C’est vrai que c’est difficile pour les élèves de dépasser les barrières qui existent en Seine-Saint Denis. Des barrières très puissantes qui pèsent sur un certain nombre d’établissements de ce département. Ce n’est pas juste, il faut lutter contre cela. Il y a beaucoup de liens entre Paris et la Seine-Saint-Denis. Pour autant, une méga académie serait inadaptée et diluerait des moyens de l’éducation nationale qui sont déjà limités. Big n’est pas forcément très beautiful.
Et les autres pistes, comme Affelnet, les binômes de collèges ou un changement de carte scolaire ?
Affelnet a plutôt bien fonctionné. Sur la carte scolaire, c’est un travail permanent que nous menons avec les maires d’arrondissement. La ville de Paris est très dense. Nous avons des écoles qui accueillent un public favorisé à quelques centaines de mètres d’écoles accueillant un public défavorisé. Nous travaillons donc rue par rue la sectorisation avec une volonté de mixité scolaire.
Nous menons aussi un travail sur les « réputations » d’établissements – souvent acquises injustement.

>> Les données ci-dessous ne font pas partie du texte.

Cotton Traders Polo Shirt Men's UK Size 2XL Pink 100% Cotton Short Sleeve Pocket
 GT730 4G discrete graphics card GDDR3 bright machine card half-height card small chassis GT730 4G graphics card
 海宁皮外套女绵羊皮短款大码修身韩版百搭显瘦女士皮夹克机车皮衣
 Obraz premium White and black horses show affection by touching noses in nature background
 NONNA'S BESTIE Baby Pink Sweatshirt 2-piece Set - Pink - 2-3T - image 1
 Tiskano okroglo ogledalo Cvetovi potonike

Nous y développons les dispositifs de type école bilingue ou à horaires aménagés. On diversifie l’offre scolaire afin de rendre ces établissements plus attractifs.
Il y aussi les exemples de binômes de collèges tels que Berlioz et Coysevox qui sont une réussite. Mais ce n’est une réussite que grâce aux formidables équipes pédagogiques et aux parents qui ont joué le jeu. Ça ne peut être l’Alpha et l’Omega d’une politique de mixité Mais c’est une très bonne piste lorsqu’il y a une volonté de la communauté pédagogique, des parents d’élèves et des maires d’arrondissements.
Plus généralement, que pensez-vous de la politique menée actuellement au niveau de l’éducation ?
Le ministre de l’Éducation est une personne que j’apprécie. C’est un grand intellectuel, un homme qui pense la République. Mais il n’a pas de projet pour l’École. Annoncer de telles suppressions de postes alors que les résultats de notre système éducatif dans les classements internationaux sont alarmants est aberrant. Il existe d’autres modèles à suivre comme les pays scandinaves ou l’Allemagne.
En France, nous sommes incapables de sortir de notre modèle étriqué. Un modèle dans lequel pour réussir, il faut passer par une prépa, puis par une grande école. Une partie de l’élite de notre pays ne pense pas le changement et souhaite conserver ce modèle qui aujourd’hui abîme une partie de la jeunesse. Nous sommes dans un moment de grands bouleversements avec la question du changement climatique, celle des grandes inégalités qui fracturent notre société, de la révolution numérique qui bouleverse les relations entre les individus et les modes d’apprentissage… Si tous ces défis mis bout à bout ne font pas changer de modèle, de vision de ce que doit être l’École, alors on recule. Ce manque de créativité flingue l’école de la République.